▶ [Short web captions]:

● ● ● ● ●

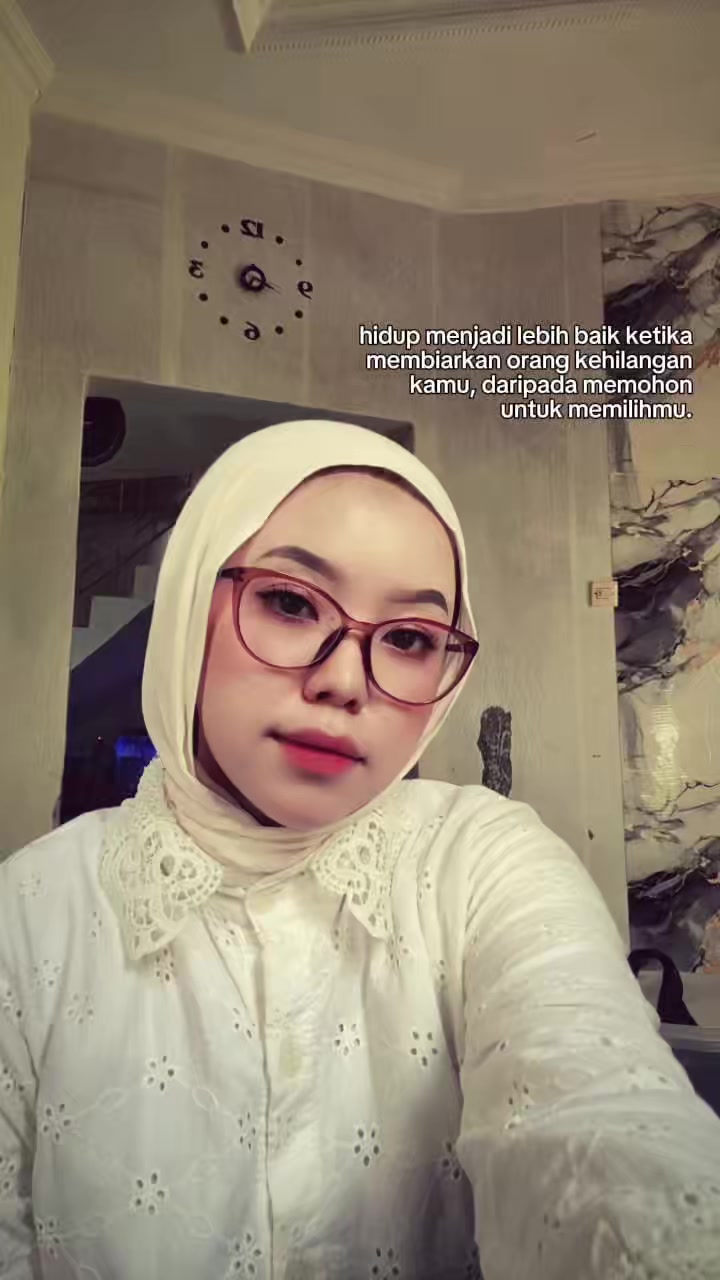 @Naisa_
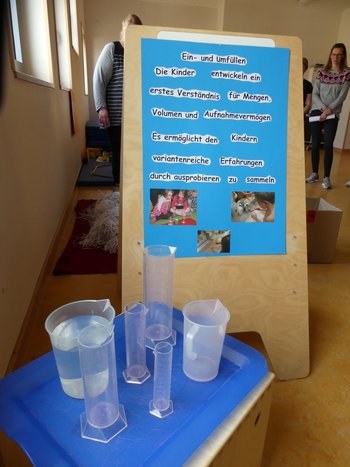 01P1000022_900x1200.jpg Infotafel EEC Ansatz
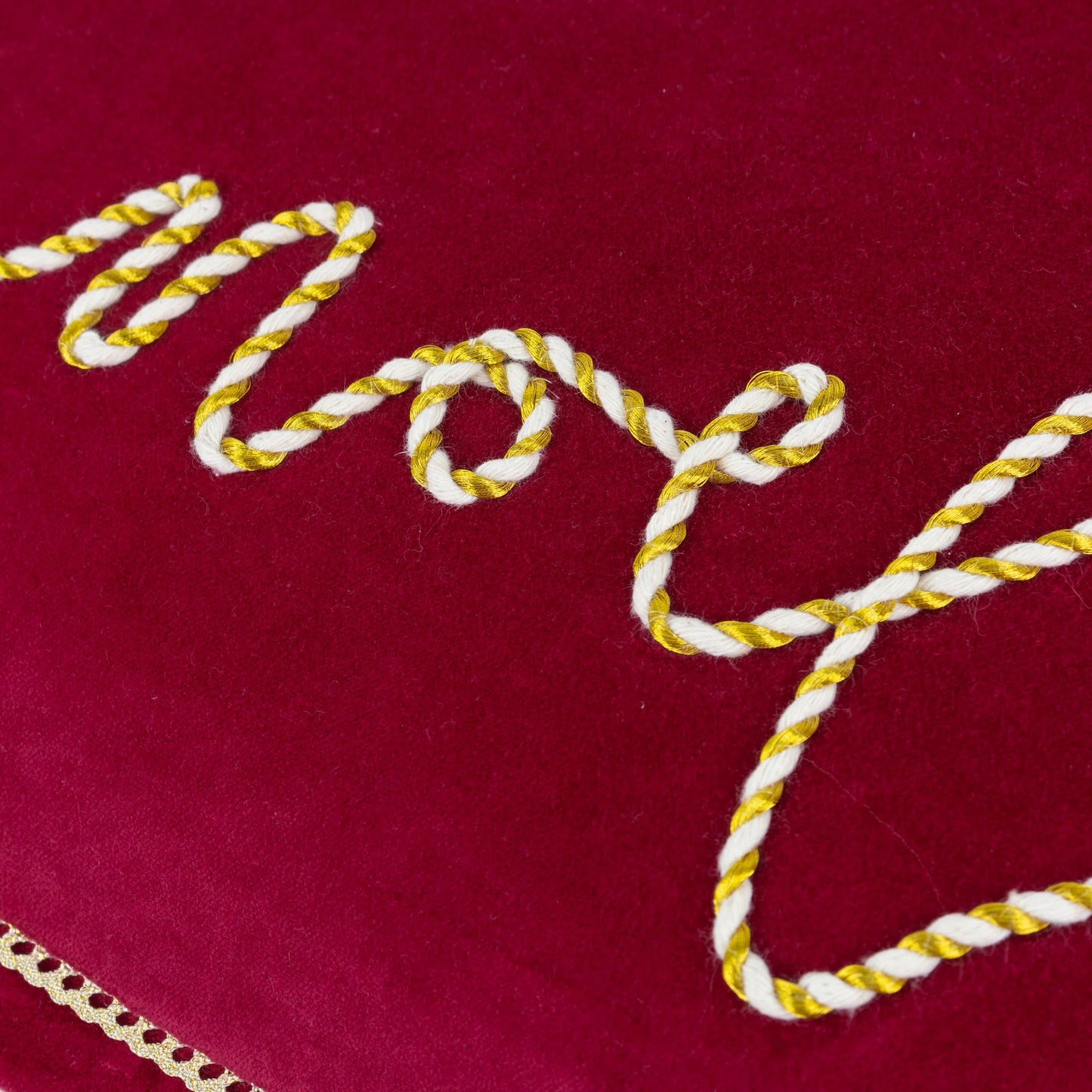 Noel Velvet Cushion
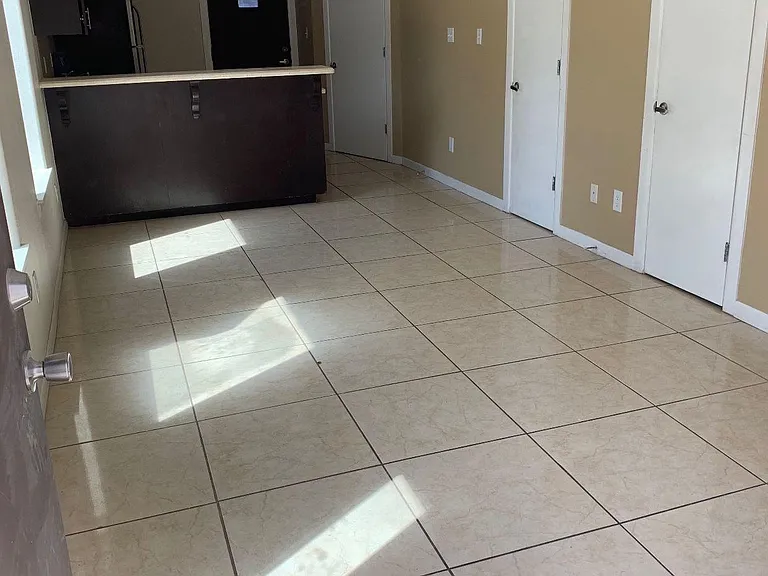 409 E Ulex Ave #C — Photo 9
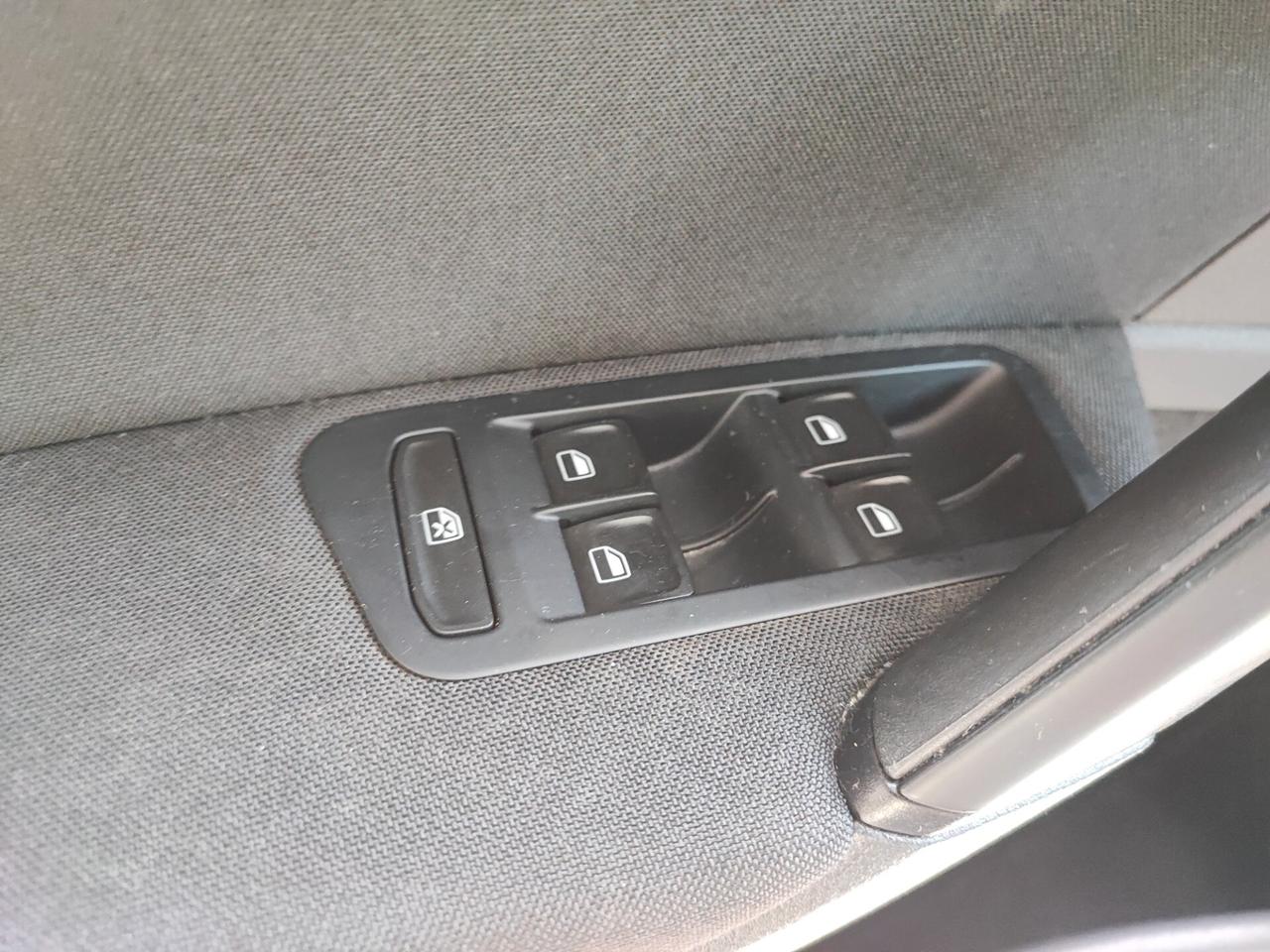 Volkswagen Golf Variant 1.6 TDI 105 CV Highline BlueMotion Technology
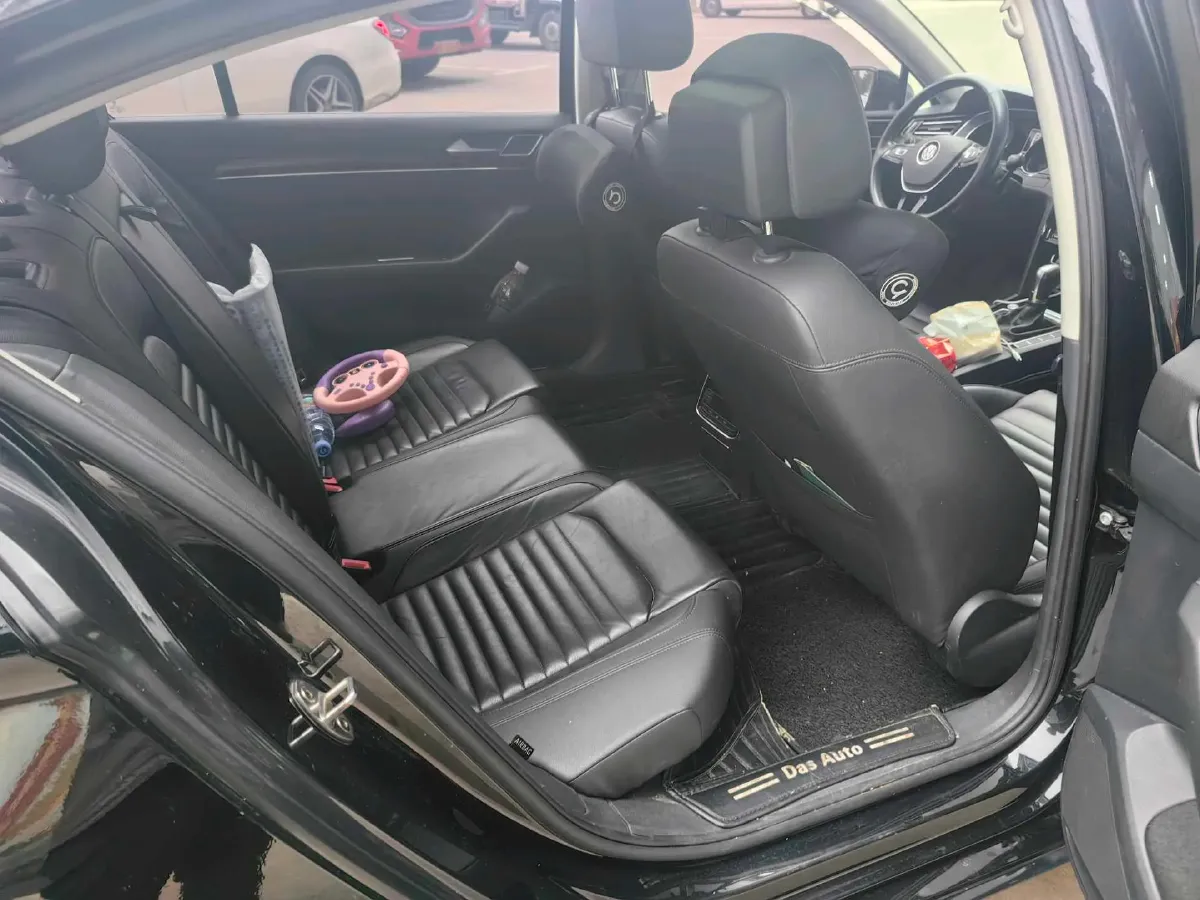 2019 Volkswagen Magotan 2.0T 186HP L4 7DCT,autocango,china used car exporter,china ev exporter,chinese used car exporter,chinese used ev exporter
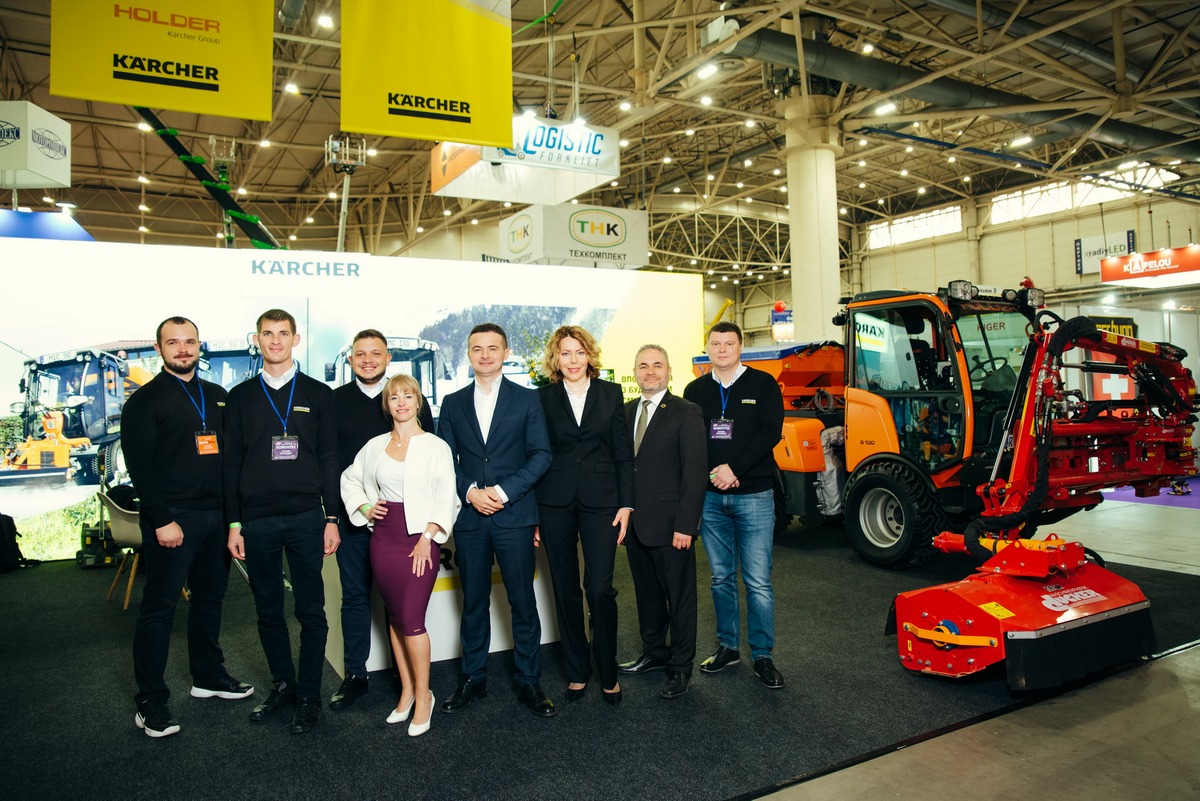 Відтепер і на українському ринку: Karcher вперше представила комунальну машину Holder S 130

● ● ● ● ●

▶ [Task to complete]: The entries are to be transcribed word for word, without their images.

▶ [Answer section]:
 @Naisa_
 01P1000022_900x1200.jpg Infotafel EEC Ansatz
 Noel Velvet Cushion
 409 E Ulex Ave #C — Photo 9
 Volkswagen Golf Variant 1.6 TDI 105 CV Highline BlueMotion Technology
 2019 Volkswagen Magotan 2.0T 186HP L4 7DCT,autocango,china used car exporter,china ev exporter,chinese used car exporter,chinese used ev exporter
 Відтепер і на українському ринку: Karcher вперше представила комунальну машину Holder S 130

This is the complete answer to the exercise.